Produzido pela apresentadora Ellen DeGeneres, “One Big Happy” é o primeiro programa do horário nobre da TV aberta americana, desde 1997, a ter uma personagem gay como protagonista. Foi a própria DeGeneres, há 18 anos, que fez história atraindo um multidão – 42 milhões – de espectadores para a frente da televisão, na noite em que a personagem que ela interpretou no seriado “Ellen”, saiu do armário.

 

Em tempos de Fernanda Montenegro e Natalia Timberg, na novela “Babilônia”, da Rede Globo, de Taylor Schilling e Laura Prepon em “Orange Is the New Black”, produzido pelo Netflix, ou de programas da TV aberta americana como “The Good Wife” e “Grey’s Anatomy”, nos quais as lésbicas (ou bissexuais) são mais nuançadas, o sitcom de DeGeneres é um retrocesso. Amparado por uma rica campanha publicitária, o sitcom nem pode ser chamado de programa de uma piada só. Piadas, nele, são inexistentes.

 

Cartaz promocional da comédia produzida por Ellen DeGeneres (Crédito: Reprodução)
Cartaz promocional da comédia produzida por Ellen DeGeneres (Crédito: Reprodução)

 

O sitcom é um desastre. Ele vem ancorado somente pelo truque de DeGeneres ser a produtora-executiva. Segundo crítica do jornal The New York Times, a comédia “é um insulto à inteligência”. Essa é a mesma opinião compartilhada por Milly Lacombe, minha parceira neste blog, e que também vem a ser gay. “Perdi uns 300 neurônios vendo isso”, disse Lacombe, via WhatsApp. “Ainda bem que o timão ganhou hoje”, completou a corintiana.

 

Já faz tempo que DeGeneres vem perdendo seu street creed, termo que surgiu em bairros negros americanos e que pode ser traduzido como aquela pessoa de maladragem e conhecimentos genuínos que emitem um grande nível de respeito. Os fãs de DeGeneres, principalmente as lésbicas, começaram a se distanciar da apresentadora depois que o programa dela de entrevistas, lançado em 2003, se mostrou superficial, e a apresentadora um pouco passiva em praticar qualquer tipo de militância pela causa gay.

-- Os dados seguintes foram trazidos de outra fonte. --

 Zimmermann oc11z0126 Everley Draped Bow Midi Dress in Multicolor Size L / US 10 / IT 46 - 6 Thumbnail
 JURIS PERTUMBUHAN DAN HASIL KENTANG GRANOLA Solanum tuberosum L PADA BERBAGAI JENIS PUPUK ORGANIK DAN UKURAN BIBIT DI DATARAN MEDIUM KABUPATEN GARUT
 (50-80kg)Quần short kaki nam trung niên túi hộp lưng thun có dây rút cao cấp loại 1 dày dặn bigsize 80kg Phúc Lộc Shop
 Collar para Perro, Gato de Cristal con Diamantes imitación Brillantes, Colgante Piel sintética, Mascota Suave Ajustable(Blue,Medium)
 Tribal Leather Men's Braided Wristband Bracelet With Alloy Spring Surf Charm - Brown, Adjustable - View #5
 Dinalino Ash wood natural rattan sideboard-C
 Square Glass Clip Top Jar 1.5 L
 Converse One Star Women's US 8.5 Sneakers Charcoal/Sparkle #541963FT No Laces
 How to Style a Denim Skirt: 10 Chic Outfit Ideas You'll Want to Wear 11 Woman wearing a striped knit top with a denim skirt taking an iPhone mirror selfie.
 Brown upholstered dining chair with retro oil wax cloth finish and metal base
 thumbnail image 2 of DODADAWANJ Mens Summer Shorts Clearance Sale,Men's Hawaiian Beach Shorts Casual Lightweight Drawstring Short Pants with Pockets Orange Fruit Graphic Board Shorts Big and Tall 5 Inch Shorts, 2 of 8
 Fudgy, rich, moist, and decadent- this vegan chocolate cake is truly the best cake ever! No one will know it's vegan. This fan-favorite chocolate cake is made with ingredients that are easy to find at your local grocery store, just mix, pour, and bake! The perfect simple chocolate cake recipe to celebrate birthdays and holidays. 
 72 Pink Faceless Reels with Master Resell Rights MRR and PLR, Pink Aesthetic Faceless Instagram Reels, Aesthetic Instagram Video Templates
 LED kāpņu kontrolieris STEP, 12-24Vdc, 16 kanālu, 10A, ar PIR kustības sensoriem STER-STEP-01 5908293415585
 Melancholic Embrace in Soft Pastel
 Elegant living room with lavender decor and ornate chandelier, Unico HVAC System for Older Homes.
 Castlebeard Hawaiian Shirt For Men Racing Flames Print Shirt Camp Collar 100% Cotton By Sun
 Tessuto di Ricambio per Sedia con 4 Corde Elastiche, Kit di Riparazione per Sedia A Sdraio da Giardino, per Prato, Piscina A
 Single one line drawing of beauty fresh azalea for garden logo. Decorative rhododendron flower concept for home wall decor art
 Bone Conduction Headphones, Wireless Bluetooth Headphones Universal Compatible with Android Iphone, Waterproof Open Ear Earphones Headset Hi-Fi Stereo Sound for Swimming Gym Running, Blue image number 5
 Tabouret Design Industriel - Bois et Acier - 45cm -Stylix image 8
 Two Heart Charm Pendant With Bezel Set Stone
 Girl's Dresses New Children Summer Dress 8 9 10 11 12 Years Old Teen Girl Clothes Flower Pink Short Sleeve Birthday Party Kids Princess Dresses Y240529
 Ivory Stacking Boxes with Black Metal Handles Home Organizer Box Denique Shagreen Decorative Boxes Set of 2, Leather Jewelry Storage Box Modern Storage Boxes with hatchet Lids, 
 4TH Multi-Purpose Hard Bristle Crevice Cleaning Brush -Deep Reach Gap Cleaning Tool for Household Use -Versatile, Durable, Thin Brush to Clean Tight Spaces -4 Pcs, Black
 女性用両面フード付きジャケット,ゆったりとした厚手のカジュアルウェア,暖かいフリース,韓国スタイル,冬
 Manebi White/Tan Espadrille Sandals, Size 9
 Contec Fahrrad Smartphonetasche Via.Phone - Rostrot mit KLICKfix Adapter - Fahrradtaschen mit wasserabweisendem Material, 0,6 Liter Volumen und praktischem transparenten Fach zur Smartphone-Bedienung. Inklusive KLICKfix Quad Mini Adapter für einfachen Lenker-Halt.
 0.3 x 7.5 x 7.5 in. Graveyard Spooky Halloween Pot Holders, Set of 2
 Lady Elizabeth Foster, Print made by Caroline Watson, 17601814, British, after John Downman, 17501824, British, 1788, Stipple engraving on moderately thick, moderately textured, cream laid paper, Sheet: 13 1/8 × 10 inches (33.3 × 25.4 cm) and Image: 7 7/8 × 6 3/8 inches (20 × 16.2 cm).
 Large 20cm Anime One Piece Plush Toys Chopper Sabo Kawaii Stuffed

Ontem à tarde, DeGenere entrevistou Madonna em seu programa. (Crédito: Michael Rozman/Warner Bros.)
Ontem à tarde, DeGeneres entrevistou Madonna em seu programa. (Crédito: Michael Rozman/Warner Bros.)

 

Ontem à tarde, por exemplo, ao entrevistar Madonna em seu programa, DeGeneres não “empolgou”. Ficou no arroz com feijão, perguntando sobre o motivo de a cantora gostar de namorar homens mais jovens, como ela mantem a forma, e se Madonna a popstar se comporta como “uma bebezona” quando está doente (Madonna estava gripada ontem) . No último segmento, ao fazer promoção de seu novo sitcom, entrevistando o trio central de “One Big Happy”, DeGeneres seguiu sua linha apatetada. A plateia só aplaudiu quando ela deu uma cesta de cuecas (da grife que leva o nome da apresentadora) para o elenco. Conselho para DeGeneres: continue a tirar selfies na cerimônia do Oscar. Faz mais sucesso.